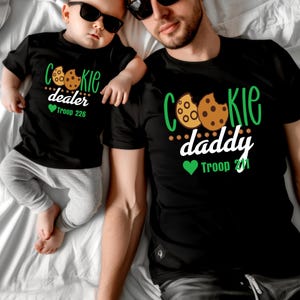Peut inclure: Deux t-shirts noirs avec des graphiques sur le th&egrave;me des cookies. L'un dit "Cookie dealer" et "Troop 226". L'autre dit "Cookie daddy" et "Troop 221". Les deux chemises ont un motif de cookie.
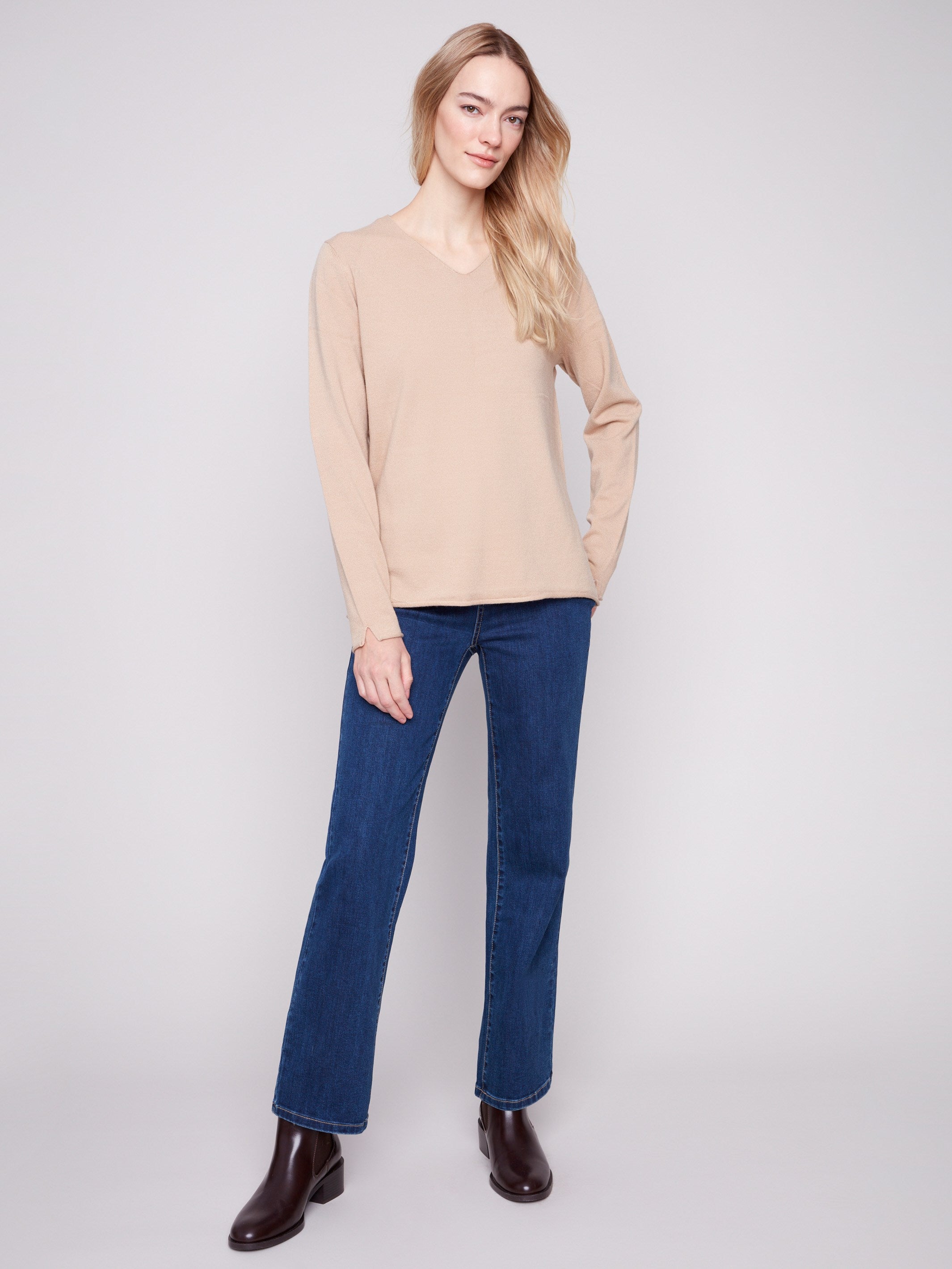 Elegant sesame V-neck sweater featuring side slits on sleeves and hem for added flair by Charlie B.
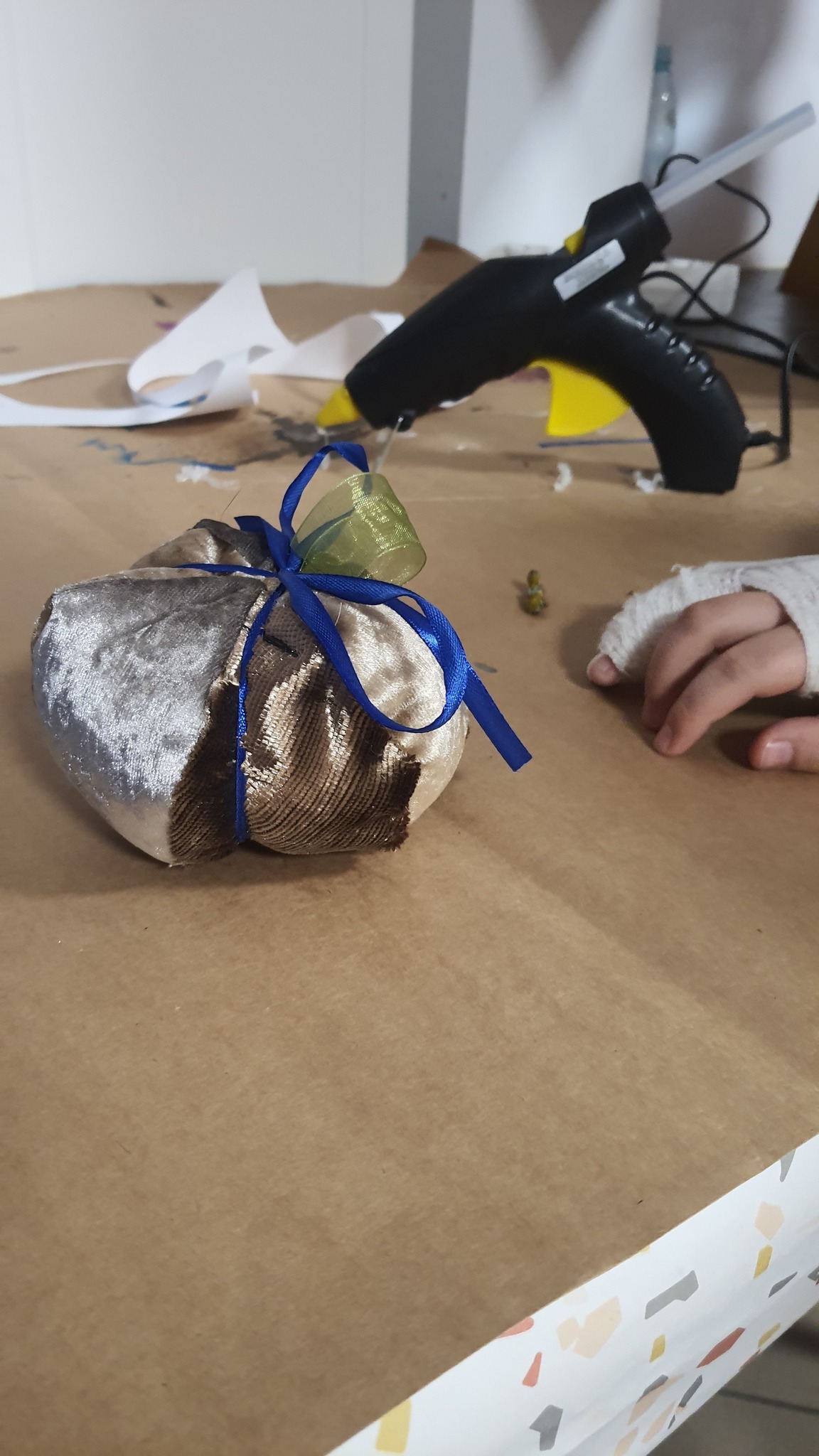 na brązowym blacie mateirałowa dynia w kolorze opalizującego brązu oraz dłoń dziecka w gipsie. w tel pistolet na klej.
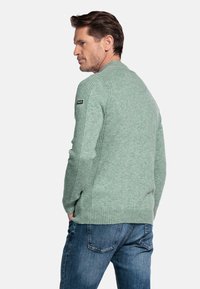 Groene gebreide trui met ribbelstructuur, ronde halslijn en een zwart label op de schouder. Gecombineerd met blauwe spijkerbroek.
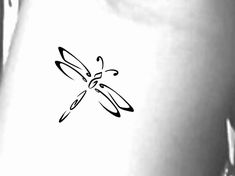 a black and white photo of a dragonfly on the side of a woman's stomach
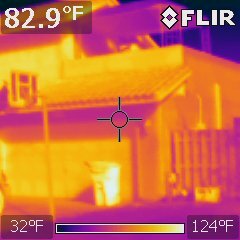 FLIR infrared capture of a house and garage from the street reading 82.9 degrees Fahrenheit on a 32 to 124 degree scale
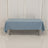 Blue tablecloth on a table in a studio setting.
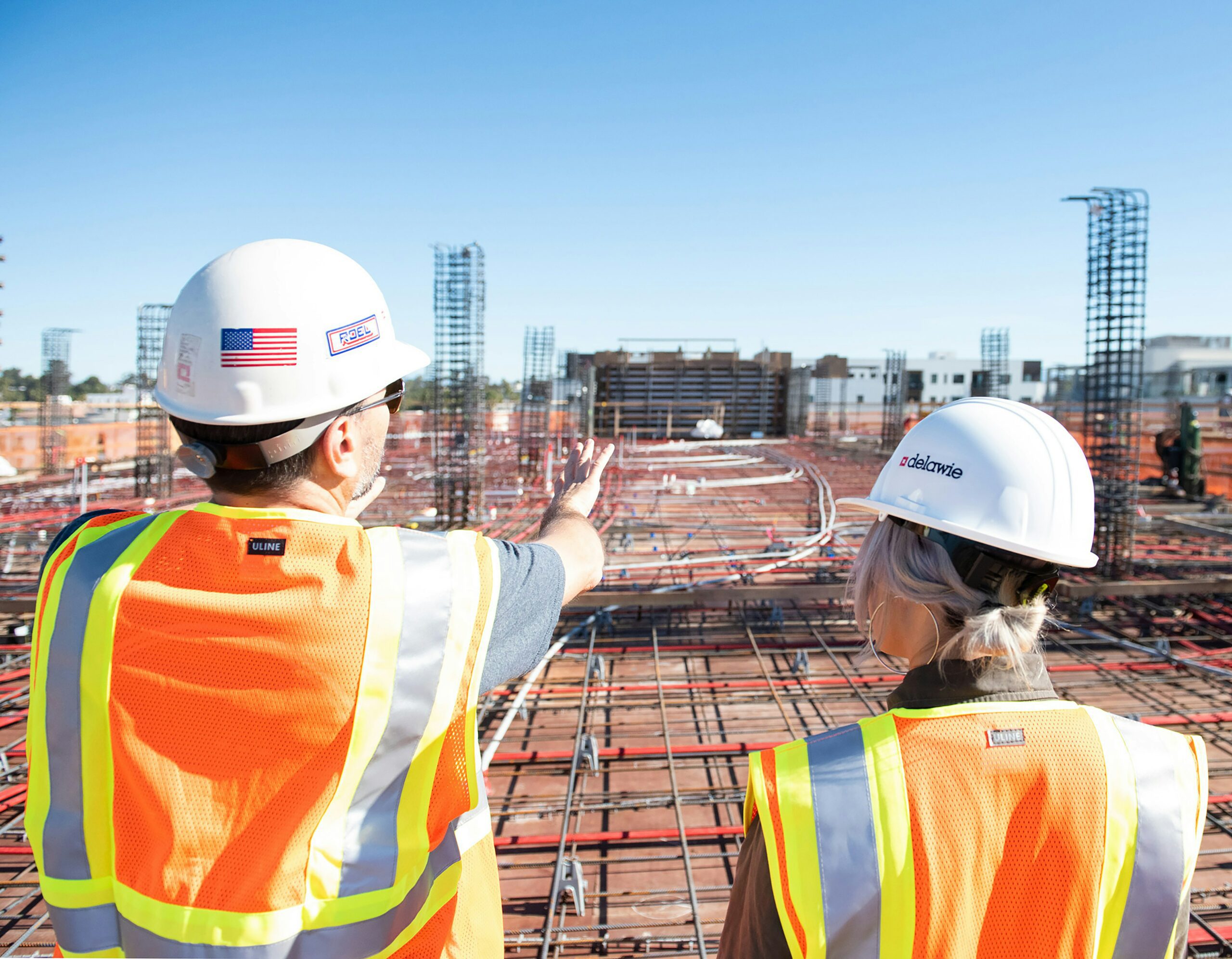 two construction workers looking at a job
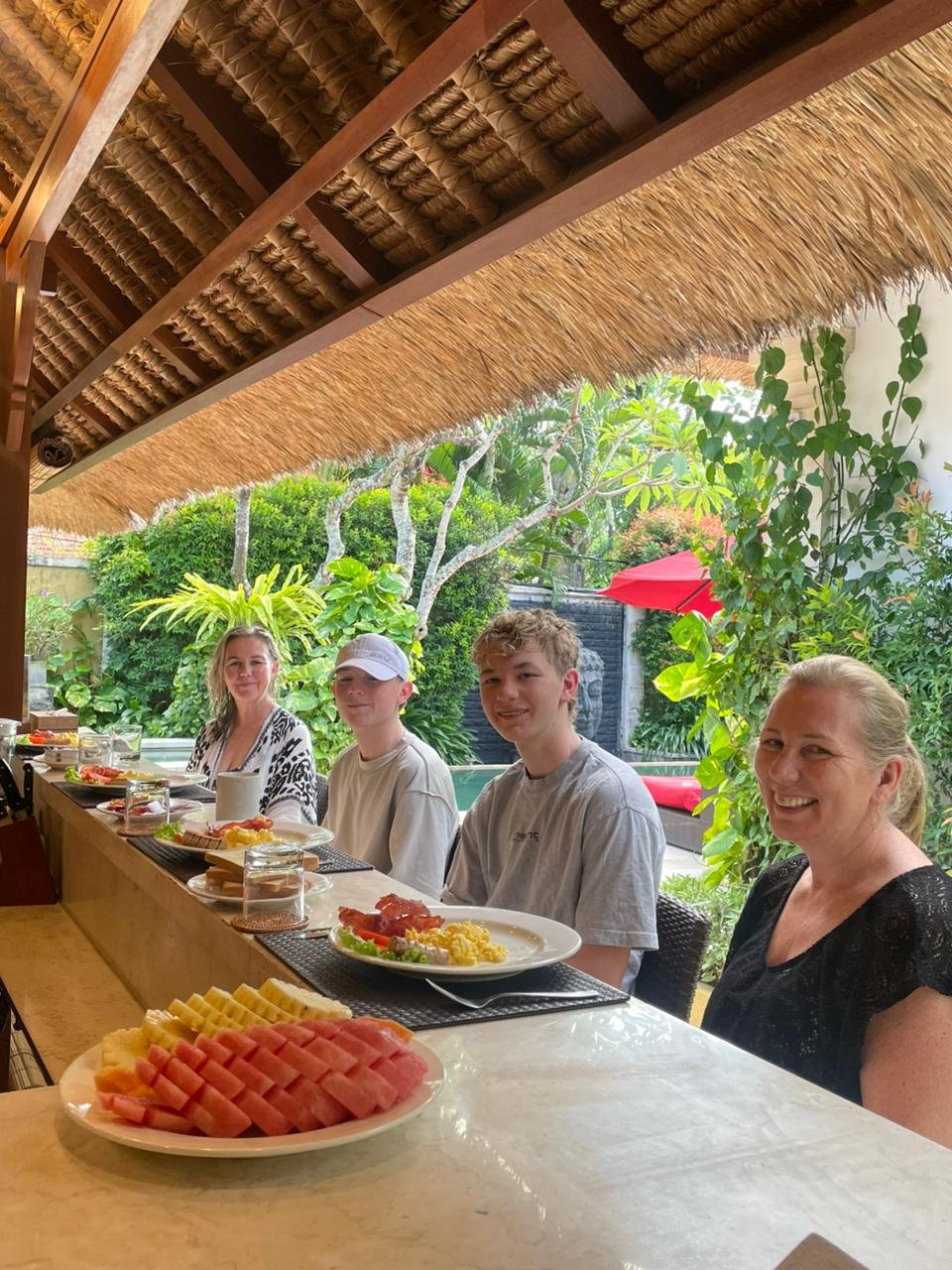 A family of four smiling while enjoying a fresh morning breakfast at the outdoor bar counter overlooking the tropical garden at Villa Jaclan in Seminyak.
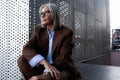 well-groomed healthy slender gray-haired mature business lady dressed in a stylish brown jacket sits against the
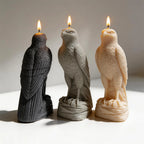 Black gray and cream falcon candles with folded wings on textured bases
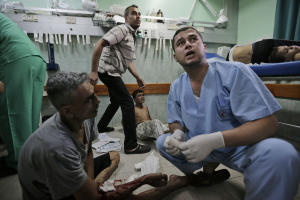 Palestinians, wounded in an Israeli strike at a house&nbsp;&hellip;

####################

Every word of the material above should be copied exactly; no pictures.

Final answer:
Peut inclure: Deux t-shirts noirs avec des graphiques sur le th&egrave;me des cookies. L'un dit "Cookie dealer" et "Troop 226". L'autre dit "Cookie daddy" et "Troop 221". Les deux chemises ont un motif de cookie.
 Elegant sesame V-neck sweater featuring side slits on sleeves and hem for added flair by Charlie B.
 na brązowym blacie mateirałowa dynia w kolorze opalizującego brązu oraz dłoń dziecka w gipsie. w tel pistolet na klej.
 Groene gebreide trui met ribbelstructuur, ronde halslijn en een zwart label op de schouder. Gecombineerd met blauwe spijkerbroek.
 a black and white photo of a dragonfly on the side of a woman's stomach
 FLIR infrared capture of a house and garage from the street reading 82.9 degrees Fahrenheit on a 32 to 124 degree scale
 Blue tablecloth on a table in a studio setting.
 two construction workers looking at a job
 A family of four smiling while enjoying a fresh morning breakfast at the outdoor bar counter overlooking the tropical garden at Villa Jaclan in Seminyak.
 well-groomed healthy slender gray-haired mature business lady dressed in a stylish brown jacket sits against the
 Black gray and cream falcon candles with folded wings on textured bases
 Palestinians, wounded in an Israeli strike at a house&nbsp;&hellip;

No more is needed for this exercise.